Several developments over the past few years have included:
- 2019: A memorandum between Alberta, Saskatchewan, Ontario and New Brunswick to cooperate on SMR advancement;
- July 2023: A mandate letter to Alberta’s minister of energy includes SMR development, including encouraging oil sand operators to explore SMRs as a decarbonization option;
- January 2024: Agreement between Ontario Power Generation and Capital Power for SMR development in Alberta; and
- March 2024: Alberta announces it is considering conventional scale reactors for on-grid electricity.
New Brunswick
Aside from Ontario, New Brunswick is the only province currently using nuclear in its energy mix. The province, home to about 850,000 people, gets about 30% of its electricity from a single 660 MW CANDU reactor but still has a long way to go to decarbonise the remainder of its electricity grid and overall energy use.
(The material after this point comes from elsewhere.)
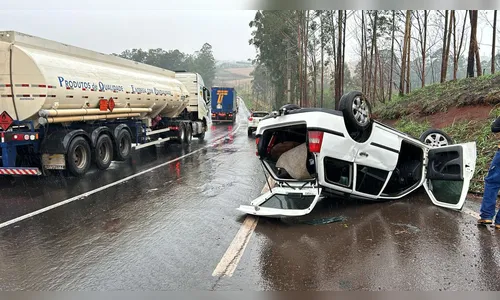 
						
							Colisão entre carro e caminhão causa uma morte na PR-444 em Arapongas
Its provincial utility NBPower was an early proponent of advanced reactor development and continues to investigate SMRs as part of the province’s future.
The federal connection: Policies influence outcomes across the country
While provinces may be the traditional decision makers on electricity and electrification, increasingly private sector is recognising an opportunity to employ stand-alone nuclear and hydrogen amongst other decarbonisation strategies in their operations. The federal government plays an instrumental role influencing the decisions of both.
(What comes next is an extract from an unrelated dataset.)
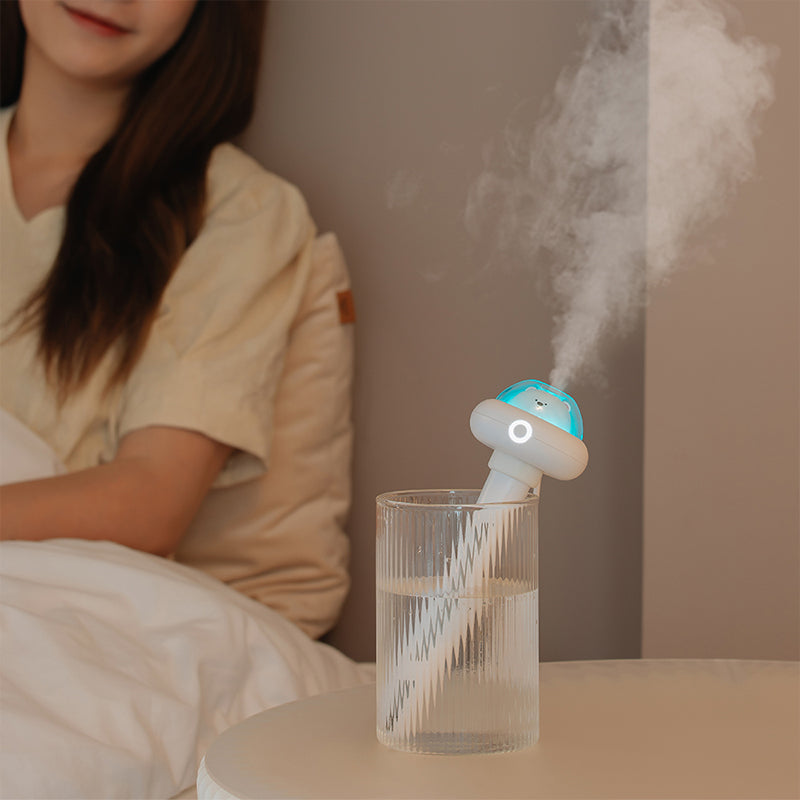 oriday humidifier is a must-have for bedrooms and air-conditioned rooms. Small mini cute charging portable silent car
After decades of lukewarm acknowledgement of the industry, Canada’s current Liberal government came out with increasing unequivocal support for nuclear energy in the past several years, citing the important role it will play in pushing back GHG emissions and climate change. The support has included investment in research, education and development as well as tax credits and loan guarantees helping to spur investment.
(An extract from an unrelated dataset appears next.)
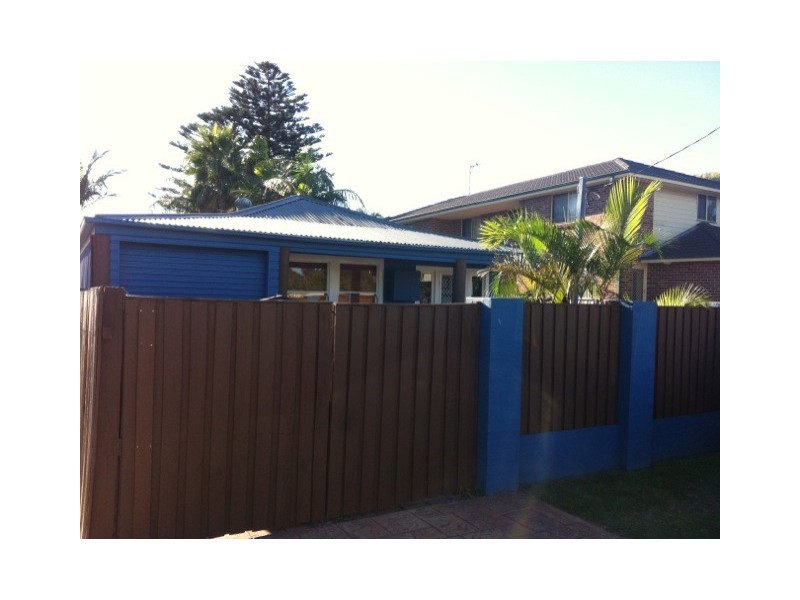 68 Pur Pur Avenue, Lake Illawarra NSW 2528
Internationally, Canada has been a major presence in OECD Nuclear Energy Agency (NEA) nation-to-nation collaboration, including an OECD-NEA led initiative where more than 20 countries signed on to triple nuclear by 2050.
As well, Canada has worked bilaterally with both the United States and the United Kingdom on various initiatives to further advance areas like regulation and fuel security. In part, the strengthening of Canadian nuclear policy can be attributed to the US Inflation Reduction Act and new opportunities for nuclear investment south of the border.
A key file to watch right now is Canada’s siting of a repository for spent fuel waste. The organisation tasked with this, the Nuclear Waste Management Organization, has been working through a consent-based process with communities for more than a decade. Site selection is anticipated by year’s end. In 2023, the federal government also announced plans to move forward with strategy development for permanent disposal of the country’s low and intermediate level waste. Well understood and supported waste management is considered a key enabler of the country’s new nuclear programmes.
Canada is set for an election within the next year and the industry will be watching to see whether there is a change in government, and if so, a change in direction. On the latter, the hope is the feds, of whatever stripe, will stay the course. And, because of the over-sized influence of the US, the same can likely be said for the November 2024 US election.